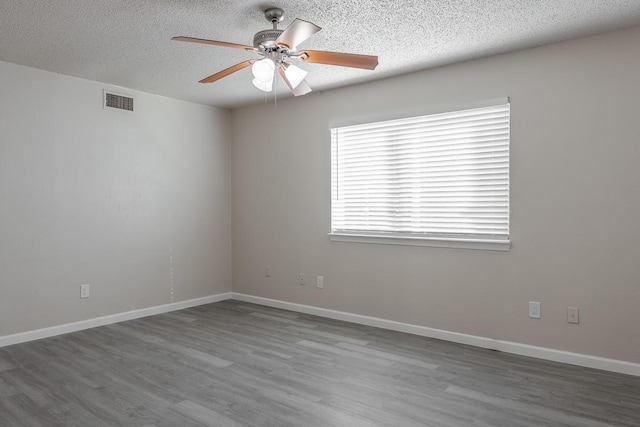 unfurnished room with ceiling fan, wood-type flooring, and a textured ceiling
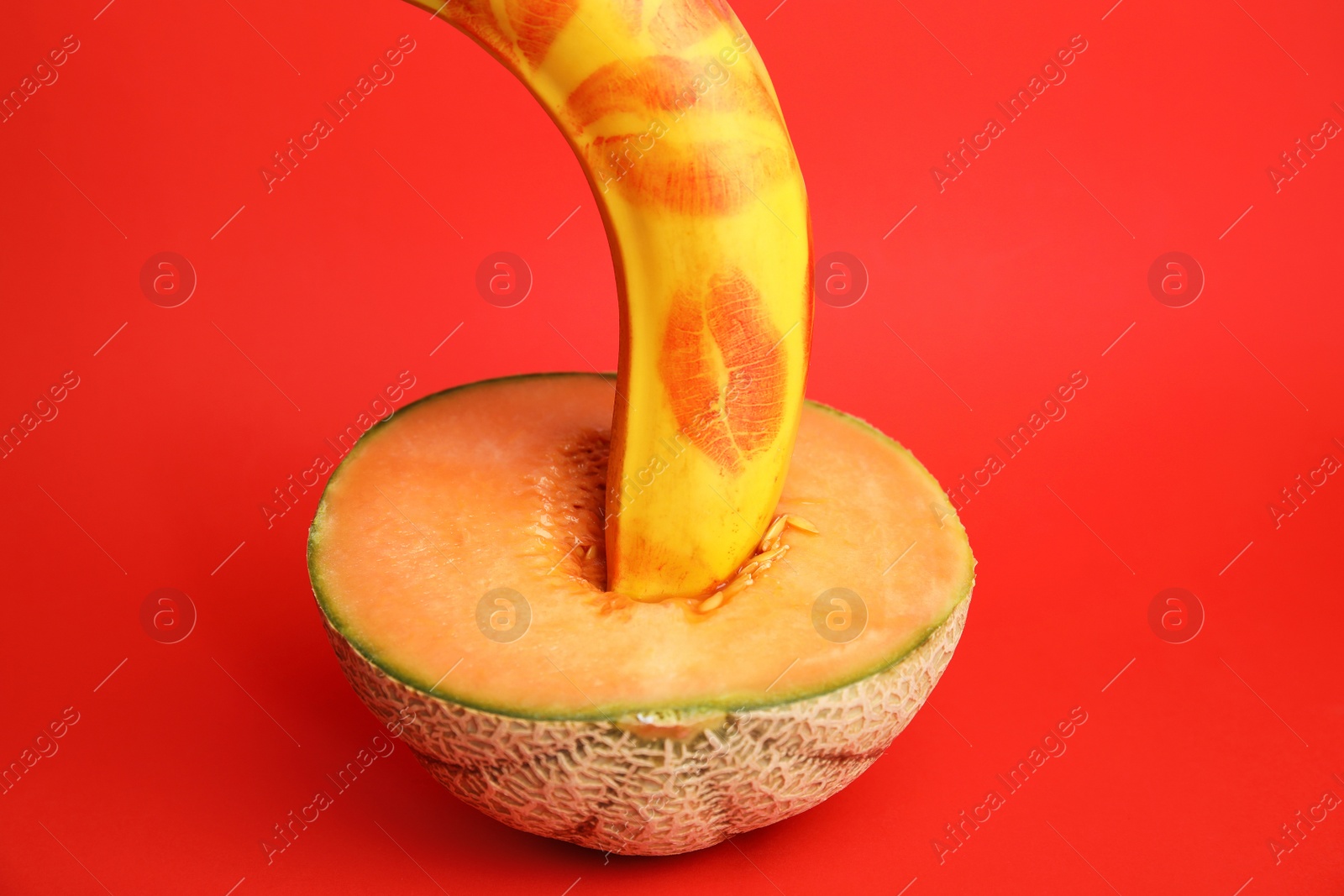Photo of Fresh banana with lipstick marks and melon on red background. Sex concept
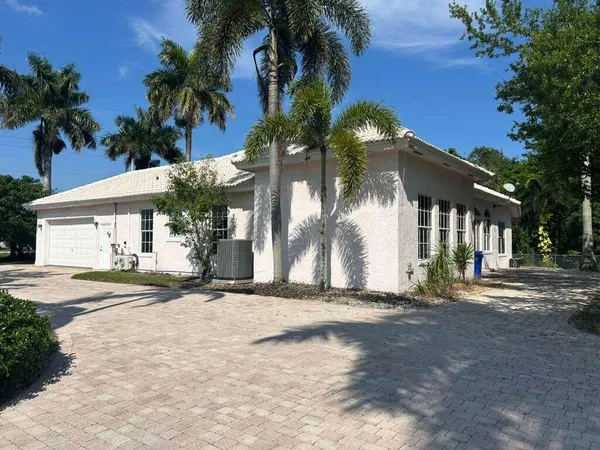 a view of a house with a yard and palm trees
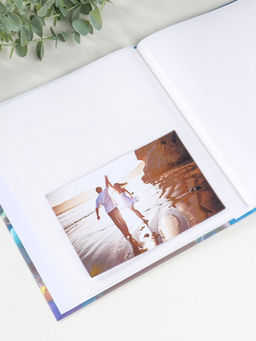 Фотоальбом на 80 фото 10х15 см "Мальчик с мишкой и пузырьки" в коробке 5х19х22,8 см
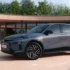 Die schräge Frontansicht des neuen Lancia Gamma Crossover-Modells in Grau, das durch prägnante Lichtsignaturen und große, aerodynamisch gestaltete Alufelgen besticht.
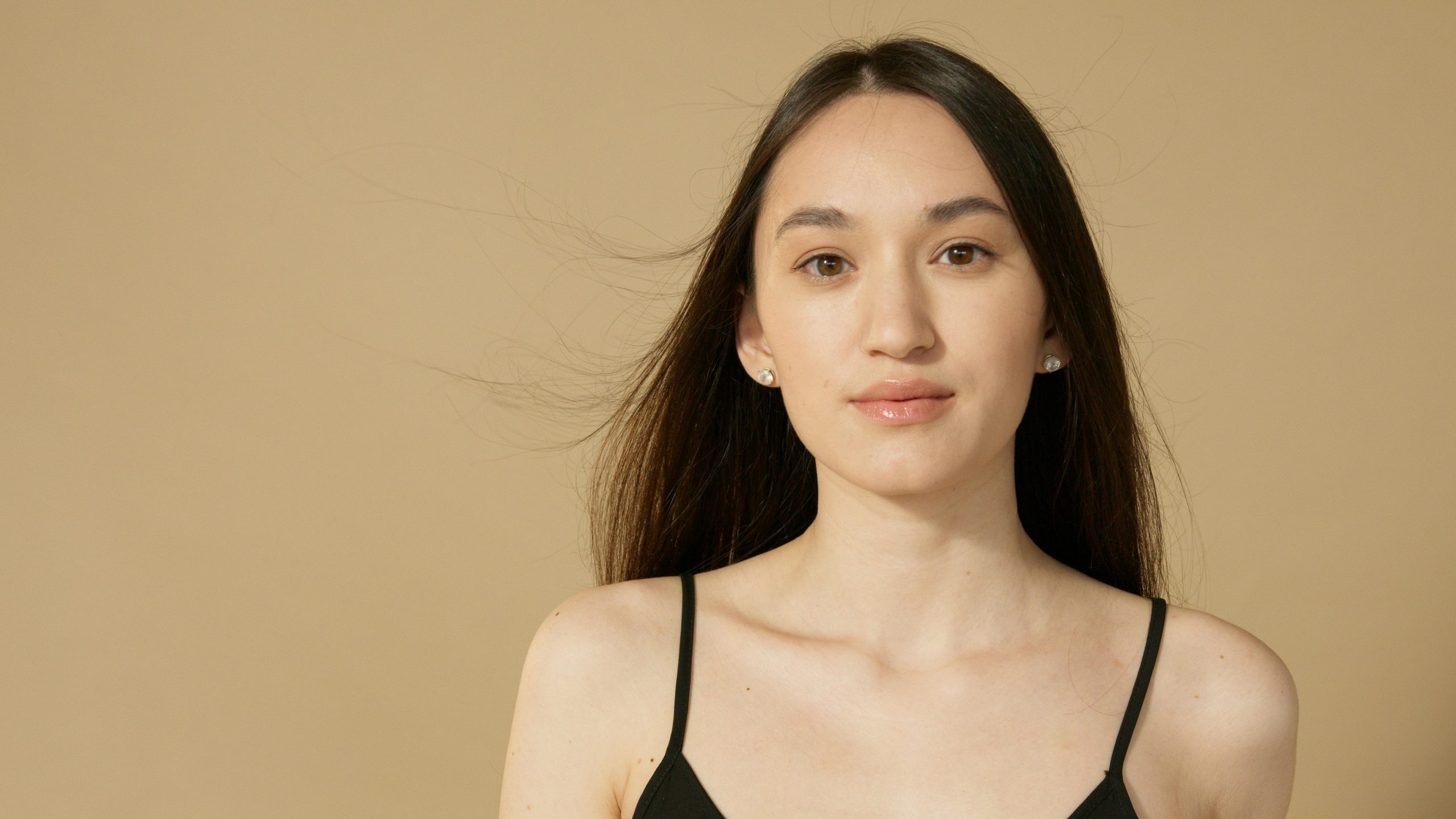 woman in a black tank top wearing natural makeup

- _WHAT TO PRODUCE_: Each line from the one containing "Фотоальбом на 80" down to the final line of the records above must be reproduced exactly; no pictures go into the copy.

- _REPLY_:
 Фотоальбом на 80 фото 10х15 см "Мальчик с мишкой и пузырьки" в коробке 5х19х22,8 см
 Die schräge Frontansicht des neuen Lancia Gamma Crossover-Modells in Grau, das durch prägnante Lichtsignaturen und große, aerodynamisch gestaltete Alufelgen besticht.
 woman in a black tank top wearing natural makeup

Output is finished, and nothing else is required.